◆ Work to complete ◆
The lines to return are those from the line holding "262 Montclair Ave #2, Vauxhall, NJ 07088" through the last line of the entries below, both included, written exactly and without pictures.

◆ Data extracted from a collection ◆
────────────────────
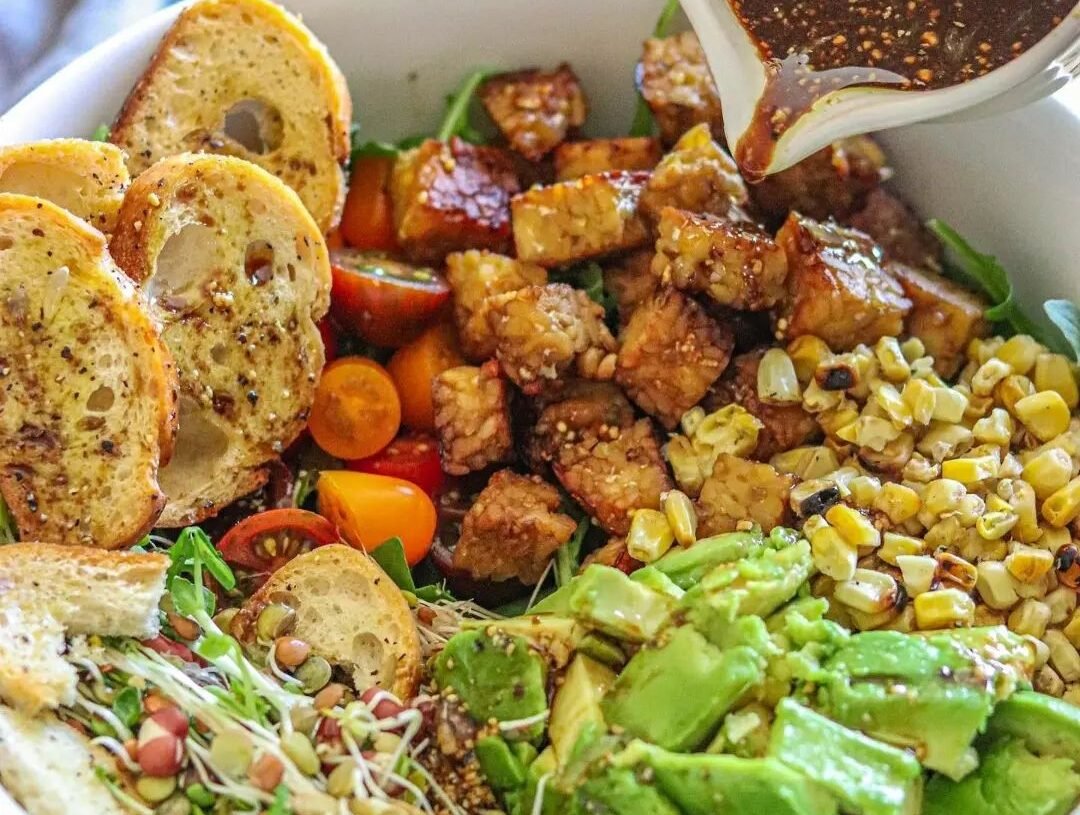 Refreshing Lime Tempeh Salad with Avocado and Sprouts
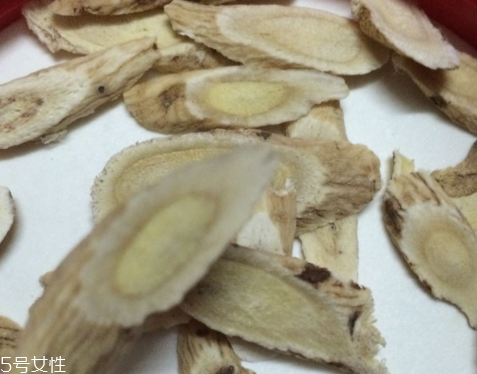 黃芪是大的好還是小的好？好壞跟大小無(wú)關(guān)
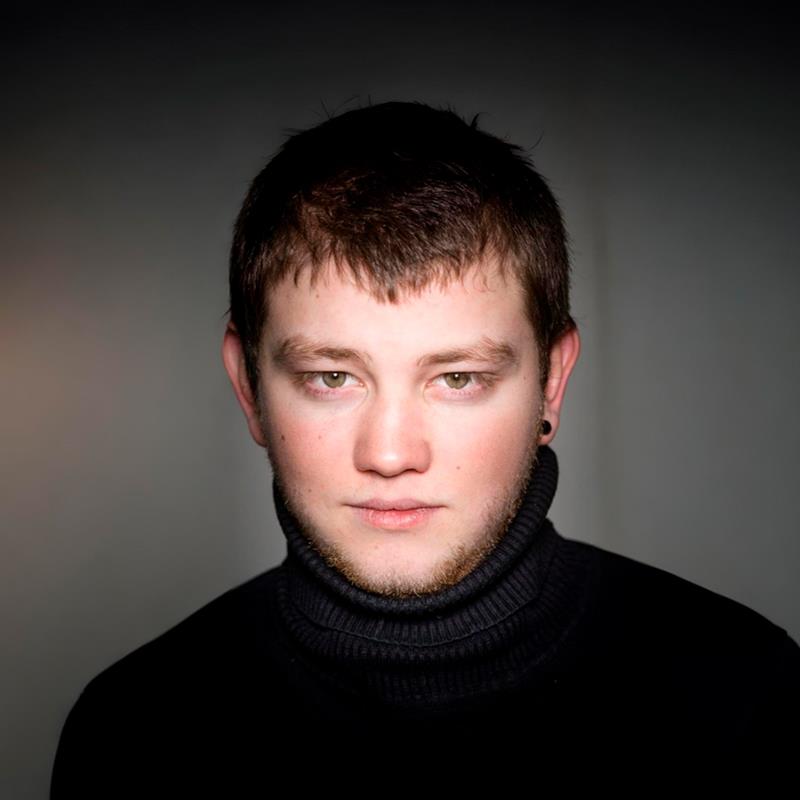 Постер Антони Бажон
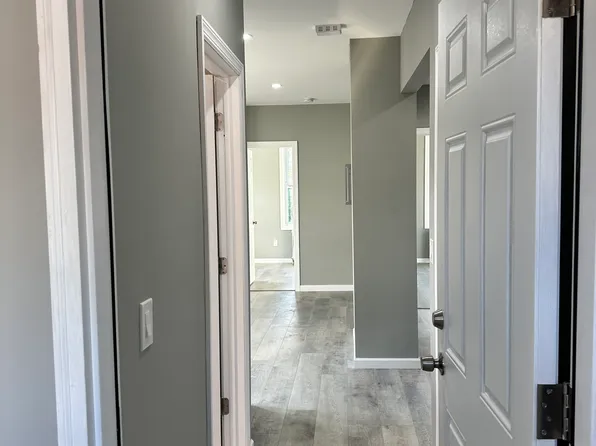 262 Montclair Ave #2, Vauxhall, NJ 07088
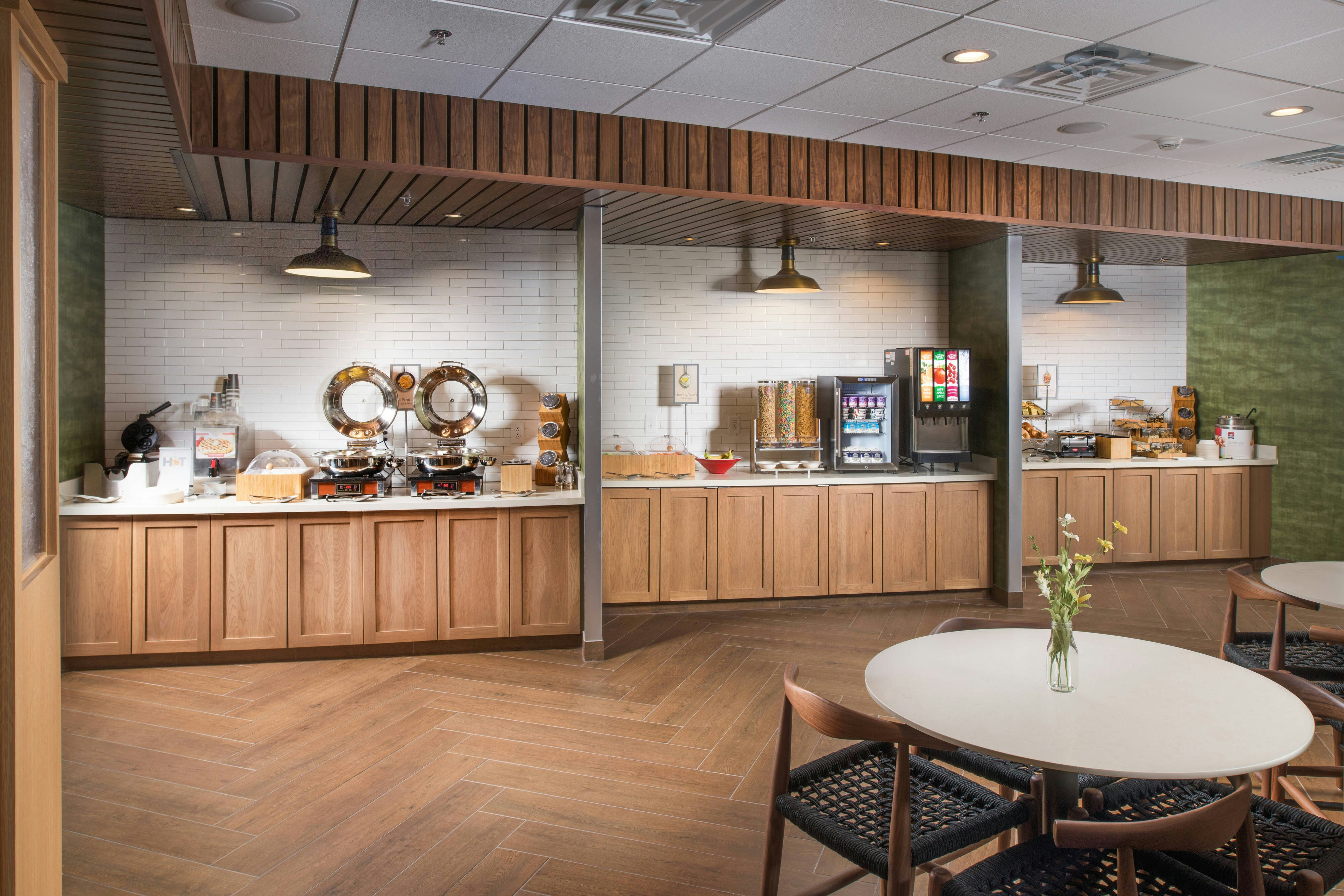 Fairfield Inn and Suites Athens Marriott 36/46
────────────────────
◆ Result of this task ◆
 262 Montclair Ave #2, Vauxhall, NJ 07088
 Fairfield Inn and Suites Athens Marriott 36/46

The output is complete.